From the beginning, the new Battlestar Galactica has taken ideas from many sources (including its namesake, of course), but the most notable borrowing point for my money has been Philip Dick’s Do Androids Dream of Electric Sheep. To put it simply: both feature robots that look like humans and explore the moral and practical implications of that notion. And, well, both feature some flesh and blood robots that want to help humans and some that want to kill them. In Electric Sheep, they’re called replicants; in Galactica, cylons.
What’s interesting in Galactica, though, is the way it has turned the tables on some of Dick’s ideas. For instance, it’s the robots who are on the run in Electric Sheep where the humans are the hunted in Galactica. In Dick’s book, the robots are individuals, each one different. In Galactica, the robots are copies of specific humans and each has hundreds of duplicates.
Another clever reversal takes place in the most recent Battlestar episode (207). Fans may recall a scene at the end of Blade Runner (the film adaptation of Electric Sheep) where human Rick Deckard looks to gather replicant Rachel and go on the run, hiding her from authorities who would “retire” her. Rick asks her: “Do you love me?” She nods. “Do you trust me?” She nods again. And they’re out the door.
In last week’s Battlestar, a similarly tense situation arises when cylon Sharon makes a disturbingly vague assertion about needing to take matters into her own hands. When Helo expresses concern, she asks him: “Do you love me?” He nods. “Do you trust me?” He nods again. And the new Sharon goes on to prove herself where the old Sharon failed.

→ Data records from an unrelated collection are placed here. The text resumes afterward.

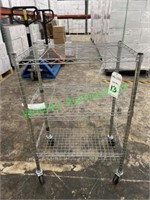 3-Tier Wire Metal Utility Cart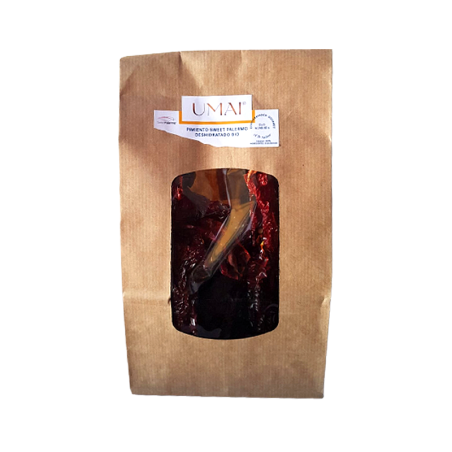 Pimiento deshidratado ecológico UMAI gourmet natural artesano Almería
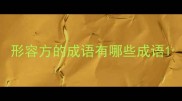 形容方的成语有哪些成语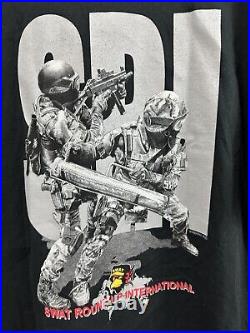 VTG Swat Relief Initiative SRI SWAT Sheriff Gun NRA Tactical Weapons T-Shirt XL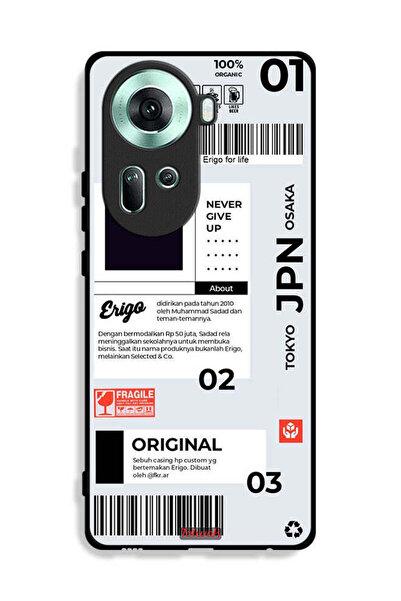 Tolwak غطاء حماية لهاتف Oppo Reno11 5G - ملصق ياباني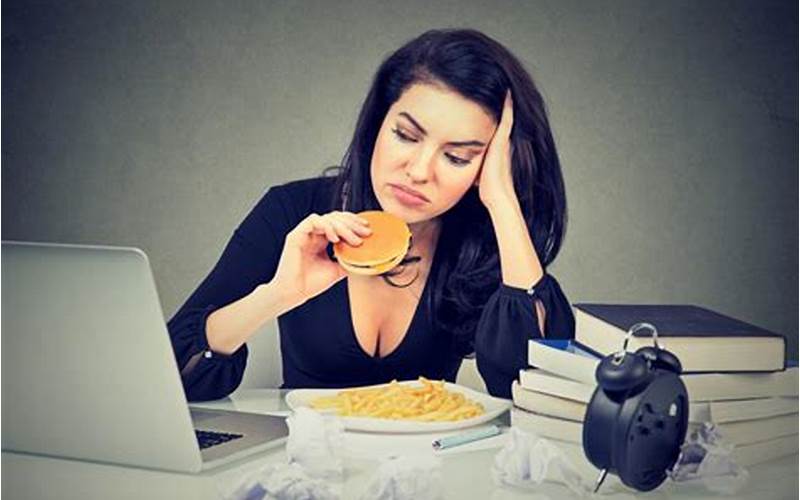 Image Of Person Stress Eating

So, Blade Runner has the human asking the robot to trust him where Galactica has the opposite, and in the exact same words. One has to wonder what Galactica’s creators are saying by this. Perhaps it’s a statement about which group (robot or human) is in power in their respective worlds: trust is one of the few things that cannot be extracted by the powerful from the powerless — it must be given. Or, it could be a statement about gender roles: in Blade Runner, Rick was protecting Rachel. In Galactica, Sharon makes a gutsy move and protects both herself and Helo. Are Galactica’s writers reacting to the suggested misogynistic subtext in Blade Runner?
Regardless of the explanation it’s thought-provoking stuff, proving that this new Battlestar can take on and (for the most part) handle well some of the toughest ideas in science fiction. When they first took on the replicant angle, it seemed echoes of Dick would haunt them. Now it’s beginning to seem a mere TV show may actually find a way to do him justice.
Trivia: Edward James Olmos (Commander Adama) was in Blade Runner, too. Think Galactica’s creators might be fans yet? Oh, and to complicate matters further, it turns out that Rick Deckard was a replicant after all.